Here's how I do it: Throw a chicken carcass into a enormous stock pot with 16-20 cups of water. (I toss the leftover bones and meat into the freezer whenever I make a roast chicken and pull 'em out when I want to make stock). Also toss in a couple scrubbed carrots, broken in half; a couple ribs of celery, a big onion cut into quarters (no need to peel), parsley, peppercorns, and a bay leaf. Add a bit of salt. Bring to a boil, then simmer very gently for several hours, until the chicken falls off the bones. Strain and freeze to use whenever. If it tastes bland, add more salt. Tada! You'll impress all of your non-cook friends to no end. (Even more so if you also feed them the chicken you roasted in order to get the bones -- another simple recipe, for another day).

I also very much enjoy making jam. I feel like my grandma would be proud of me, if she could see me canning like a pro, even though I wasn't smart enough to ask her to teach me before she passed away. I like freezer jam the best, which is convenient, as it's the simplest to make. Basically, you just mush together whatever kind of fruit you want with sugar and a packet of freezer jam pectin from the grocery store and then dump it into jars. It'll keep forever in the freezer, and it's wonderful in the dead of winter to spread strawberry freezer jam on your toast -- I don't think anything could taste more like summer. Plus, when you're making freezer jam, you can add herbs to it without them tasting over-cooked. I like a little bit of fresh mint in my strawberry jam. Sounds a bit odd, but it's SO good.

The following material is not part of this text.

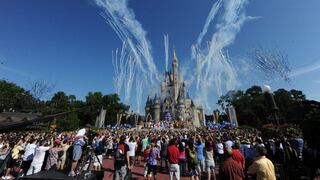 Alrededor de 43 mil empleados de Disney World son suspendidos sin sueldo en Orlando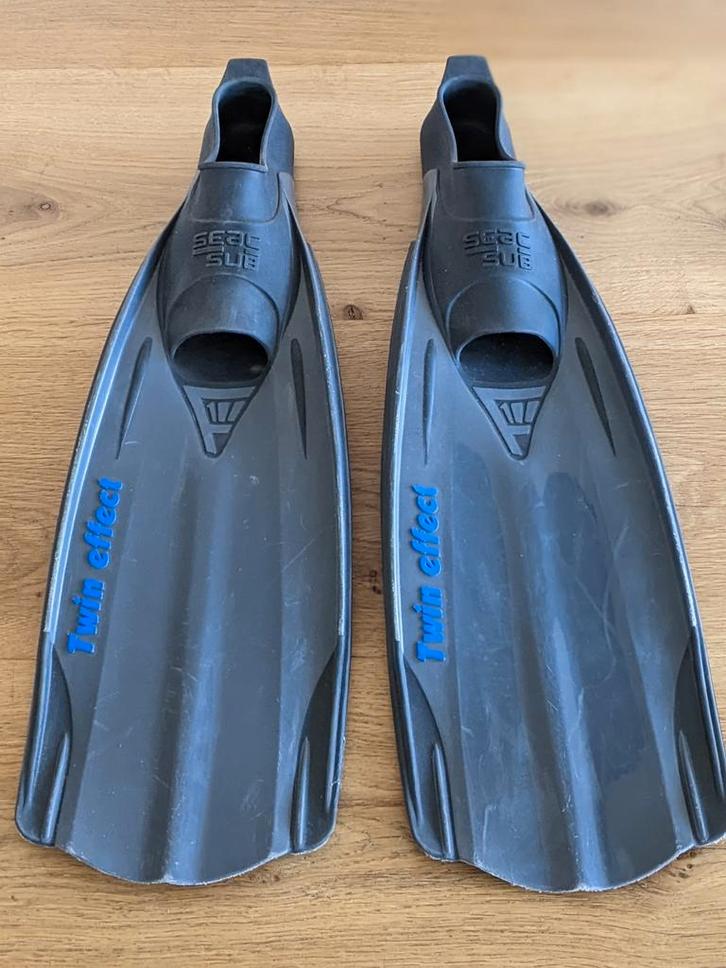 Flippers of zwemvliezen  of snorkelvinnen maat 39, Watersport en Boten, Snorkelen, Gebruikt, Snorkelvinnen, Ophalen of Verzenden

And today's peach-strawberry jam got some sliver-thin ribbons of basil.

But I also like the more complicated kind of jam that you cook on the stovetop till it gels and then can in a hot water-bath. There's something very soothing to me about cooking down strawberries and sugar till they get thick and lava-like, bubbling languidly on the stove. And then the sealing process! It's like magic -- boiling the jars, hearing the 'ping' of sealing lids, popping them open with a can opener weeks or months down the line. And it's nice to live someplace now where this is not such an odd thing to do. Once, when I lived in DC, I spent an afternoon making jam. When I mentioned it later that night, one of my relatives responded, with some horror in her voice, why would you want to do that, as if I had spent my day cleaning the poop off the hindquarters of a not-so-meticulous dog. Here, people just ask when I'm bringing them a jar :-)


P.S. I've been on a regular cooking binge lately. Along with this weekend's wonders, last weekend I made a rustic plum and port wine tart (from the June issue of Bon Appetit) and pickles, for the first time ever (pretty good, but too sweet, even though I cut the sugar in the recipe in half).